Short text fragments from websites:
════════
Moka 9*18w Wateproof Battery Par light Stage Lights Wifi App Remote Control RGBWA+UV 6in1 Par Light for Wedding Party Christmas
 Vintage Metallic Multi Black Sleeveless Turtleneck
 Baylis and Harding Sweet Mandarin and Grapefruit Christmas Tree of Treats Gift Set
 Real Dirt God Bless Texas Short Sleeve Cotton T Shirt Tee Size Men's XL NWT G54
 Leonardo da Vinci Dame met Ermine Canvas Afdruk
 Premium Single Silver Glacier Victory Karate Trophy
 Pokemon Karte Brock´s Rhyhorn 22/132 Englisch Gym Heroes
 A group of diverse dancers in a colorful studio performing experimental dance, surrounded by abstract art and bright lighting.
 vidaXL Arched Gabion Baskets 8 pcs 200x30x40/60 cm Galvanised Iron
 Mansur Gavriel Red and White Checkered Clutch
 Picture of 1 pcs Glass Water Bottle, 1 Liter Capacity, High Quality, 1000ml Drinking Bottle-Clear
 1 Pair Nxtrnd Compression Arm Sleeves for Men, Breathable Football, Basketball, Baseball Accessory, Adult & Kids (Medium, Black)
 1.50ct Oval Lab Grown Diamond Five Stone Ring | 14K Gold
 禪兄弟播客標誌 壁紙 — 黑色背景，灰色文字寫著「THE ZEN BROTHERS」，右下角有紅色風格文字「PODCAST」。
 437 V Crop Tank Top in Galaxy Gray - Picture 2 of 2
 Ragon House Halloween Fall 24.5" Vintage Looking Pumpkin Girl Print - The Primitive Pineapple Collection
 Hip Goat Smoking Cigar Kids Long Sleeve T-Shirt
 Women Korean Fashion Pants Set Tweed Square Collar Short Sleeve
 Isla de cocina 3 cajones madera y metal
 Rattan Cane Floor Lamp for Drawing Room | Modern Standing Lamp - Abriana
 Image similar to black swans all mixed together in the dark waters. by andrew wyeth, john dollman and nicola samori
════════
> **Work task**
Make an exact copy of every line from the one with "Mansur Gavriel Red" to the end of the data, with the first and last of those lines included.

> **Result of this task**
 Mansur Gavriel Red and White Checkered Clutch
 Picture of 1 pcs Glass Water Bottle, 1 Liter Capacity, High Quality, 1000ml Drinking Bottle-Clear
 1 Pair Nxtrnd Compression Arm Sleeves for Men, Breathable Football, Basketball, Baseball Accessory, Adult & Kids (Medium, Black)
 1.50ct Oval Lab Grown Diamond Five Stone Ring | 14K Gold
 禪兄弟播客標誌 壁紙 — 黑色背景，灰色文字寫著「THE ZEN BROTHERS」，右下角有紅色風格文字「PODCAST」。
 437 V Crop Tank Top in Galaxy Gray - Picture 2 of 2
 Ragon House Halloween Fall 24.5" Vintage Looking Pumpkin Girl Print - The Primitive Pineapple Collection
 Hip Goat Smoking Cigar Kids Long Sleeve T-Shirt
 Women Korean Fashion Pants Set Tweed Square Collar Short Sleeve
 Isla de cocina 3 cajones madera y metal
 Rattan Cane Floor Lamp for Drawing Room | Modern Standing Lamp - Abriana
 Image similar to black swans all mixed together in the dark waters. by andrew wyeth, john dollman and nicola samori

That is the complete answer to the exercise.